Un nuovo modo di vivere il lutto

La sera della Grease night, Marco arriva troppo tardi per guardare il film, ma con una selezione di vini da fare impallidire i Ceretto. Entrambi lavoriamo nella moda, io come giornalista e lui alla guida di una importante agenzia di organizzazione eventi per il mondo del lusso, il profilo perfetto con cui trasformare in realtà un’idea che da un po’ mi gira in testa. Quando vado a un funerale, quasi sempre mi sento a disagio. Appartengo a una generazione per la quale se qualcuno di caro muore, tutti vanno al funerale, bambini inclusi. Anche a me la morte fa paura, solo fin da piccola mi hanno abituata a considerarla parte della vita, perciò non rifuggo il confronto, a differenza dei più. Dal «Non vado perché mi fanno impressione i cimiteri» al «Non so cosa dire» sono molte le scuse per dribblare una cerimonia funebre, senza contare il problema più comune, cioè la spersonalizzazione del rito.

In Italia, gran parte delle esequie si svolge in chiesa, sebbene spesso i defunti e le loro famiglie la chiesa non la frequentino dai tempi della cresima. Ricordo la cerimonia toccante in onore di una giovane donna molto legata alla comunità cattolica della sua città. Credenti o meno, tutti eravamo usciti dalla funzione con un profondo senso di connessione che mi è rimasto nel cuore. La norma è però fatta di gente ignara di quando sedersi o stare in piedi come del Padre Nostro. Probabilmente prova anche a disagio nel pensare quanto il nonno in vita fosse allergico a ogni forma di religione. E mi dispiace anche per il povero celebrante, costretto alla semplificazione massima, sperando di non confondersi col nome.

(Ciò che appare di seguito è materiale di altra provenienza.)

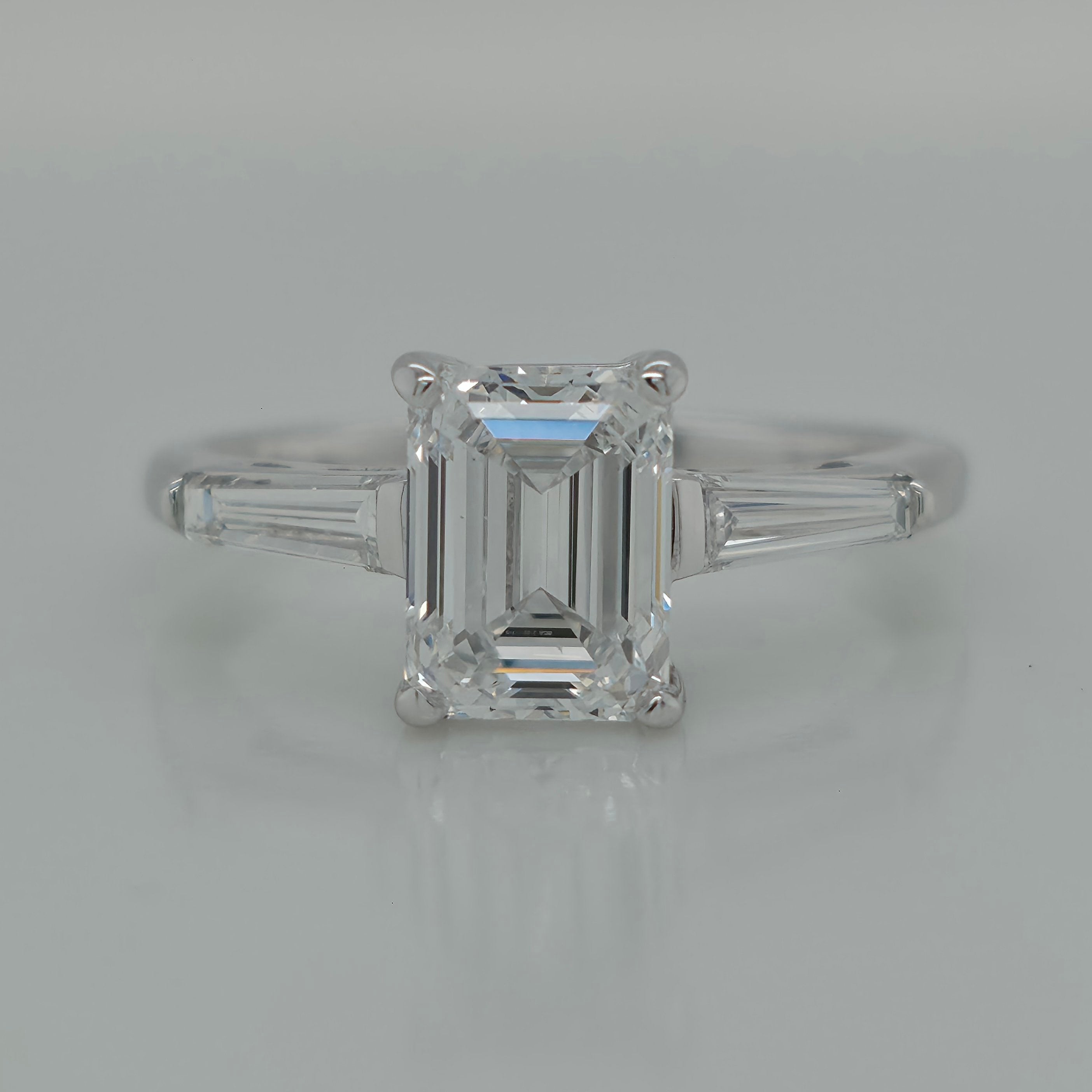 1.51ct Emerald Cut Three Stone Diamond Engagement Ring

I funeral party di Hashi Rituals sono eventi su misura

Nel 2024 ci dev’essere un altro modo di rapportarsi al distacco. Un contenitore di emozioni, abbracci, pensieri e parole adatto al background culturale di chi resta e di chi è entrato in un’altra dimensione. Non solo, forse se recuperiamo uno spazio/tempo denso di significati potremo anche riscoprire quel barlume di luce che segue la notte più nera. Da qui siamo partiti Marco e io nel costruire Hashi insieme alla terza socia Alessandra, che da una vita avvia e supervisiona produzioni editoriali di alto livello ed è altrettanto convinta della necessità di vivere appieno il distacco dalle persone care. Organizziamo cene intime, falò in mezzo alla natura (non in agosto in Sicilia!), concerti di voci bianche, serate di karaoke emozionale e perché no, un party in discoteca se chi si vuole ricordare lì ha vissuto i momenti più belli della sua vita. Tutto parte da una attenta fase di ascolto di chi ci ha cercati per comprenderne i desideri e tradurli in un evento tagliato su misura, anche nel budget non per forza importante.

Hashi Rituals, noi che cerchiamo di far parlare l’anima

Ma cosa c’entrate voi della moda con il mondo delle pompe funebri, ci dicono alle volte. Niente perché non ci occupiamo della gestione della salma. Molto perché possiamo arricchire di simbologie e senso un contesto da cui trarre molti spunti di crescita interiore. L’essere fashion people per noi è un plus. Quattro volte all’anno partecipiamo a dei rituali laici unici nel proprio genere, le sfilate. Dagli indimenticabili show d’alta moda di John Galliano, ai tempi in cui disegnava Dior all’ironia irriverente di Moschino. Dallo charme parisienne di Chanel con Karl Lagerfeld alle trovate sorprendenti di Alessandro Michele nel suo periodo Gucci. Ogni passerella racconta una storia. Ti prende per mano, ti porta a esplorare un mondo e lo fa con un’attenzione per i dettagli. La stessa che ci mettiamo noi di Hashi Rituals, solo che anziché dare spazio ai vestiti, cerchiamo di far parlare l’anima.